MPONP two years in retrospect

It has been two years since I finished/sent in More Parties or No Parties. Three issues with the theory have been on my mind. To recap, the theory says that “reform is common in periods of realignment” (or something along those lines). Then it says that a reform episode can be any of three types: insulating (comes from incumbent coalition), realigning (out-of-power folks peel off portion of incumbent coalition), and polarizing (opposing sides collude). The types were strictly internal to the polities whose institutions they were changing (cities for me, countries and some states for the lit review).

I do not have a thesis statement. I am making a list and riffing on it.

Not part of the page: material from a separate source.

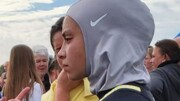 نوجوان مسلمان آمریکایی به سبب حجاب  در مسابقات دو میدانی رد صلاحیت شد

The first issue concerns coalition shift in general. I had cast this as resulting from activation of a coalition’s internal disagreement(s). Might not the addition of new players also destabilize a party system? (I think I acknowledged this possibility in a footnote.) Or might not the emergence of new issues do the same? I am thinking here of climate change especially, which is a ‘shock’ par excellence. It also has all sorts of implications for the issues that otherwise define the ‘basic space’ of a party system. What do we do when the ocean swallows the Outer Banks of North Carolina? Move the rich? Move everybody?

Another issue concerns the trigger(s) of a ‘realigning’ reform episode. Does the reform cause realignment, or does realignment cause the reform? The book argues that realignments cause reform, but a ‘realigning’ reform brings about (facilitates) realignment. So, which comes first? I suggested in ch. 8 that coalition shift at a higher level of government might produce demand for a realigning episode at some lower level. That would help to integrate other accounts of the reform adoptions I studied. For example, one good BA thesis argued that the Worcester reform charter was a business-community reaction to the rising power of the Irish — an insulating episode in my typology. I suggest it’s not this simple; the reform coalition included many people (Democrats) who helped elect a Mayor on the same day they ratified a charter meant to destroy his party. The key questions for me are about the magnitude and rapidity of change in advance of the reform. How big had the local Democratic Party gotten, and why? Maybe it comes down to an expanding set of salient issues, regardless of whether that’s at a higher level of government. I did find suggestive evidence with respect to unions. Maybe these are the same thing, at least sometimes.

Hopkins’ (2018) theory of nationalization is something I wish I’d brought in. Nationalization (as I integrate it into my mental model) means that higher-level cleavages are reshaping lower-level party systems. Or, in terms that are closer to those of Hopkins, national-level issues are more salient (for most people) to local politics than local-level issues. This leads (in my mind) to ‘oversized’ parties in some places, so that basic economic issues get debated within the oversized party. Witness non/bipartisan claims about corruption and how to pave a street.

Moving on.

I’m also not thrilled with having cast New York City (1936) as a ‘realigning’ episode. I am not saying this was wrong. The complication was the local separation-of-powers system. At the time of the reforms, Tammany controlled the Board of Aldermen, but LaGuardia controlled the mayoralty. And LaGuardia had won (and presumably controlled) a citywide vote majority.

So, maybe, the NYC reform was about creating congruence of control between the branches of government. (What the NYC reform package did to legislative power is fascinating, but let’s save it for another day.) Here is the article one might cite, then the key line: “Politicians became advocates of direct democracy, we argue, only where they were confident that voters were likely to agree with them and where current institutional arrangements blocked the median voter’s influence” (emphasis mine). Another way to put that: existing institutions (like malapportionment) were stopping statewide majorities from translating that strength into seat shares. That article is about different reforms, but the theory seems helpful. I also wonder if the identity/priorities of the ‘median voter’ changed in the period under our shared consideration (1898-1918). Otherwise, how would it have been possible to get around the incumbent coalition?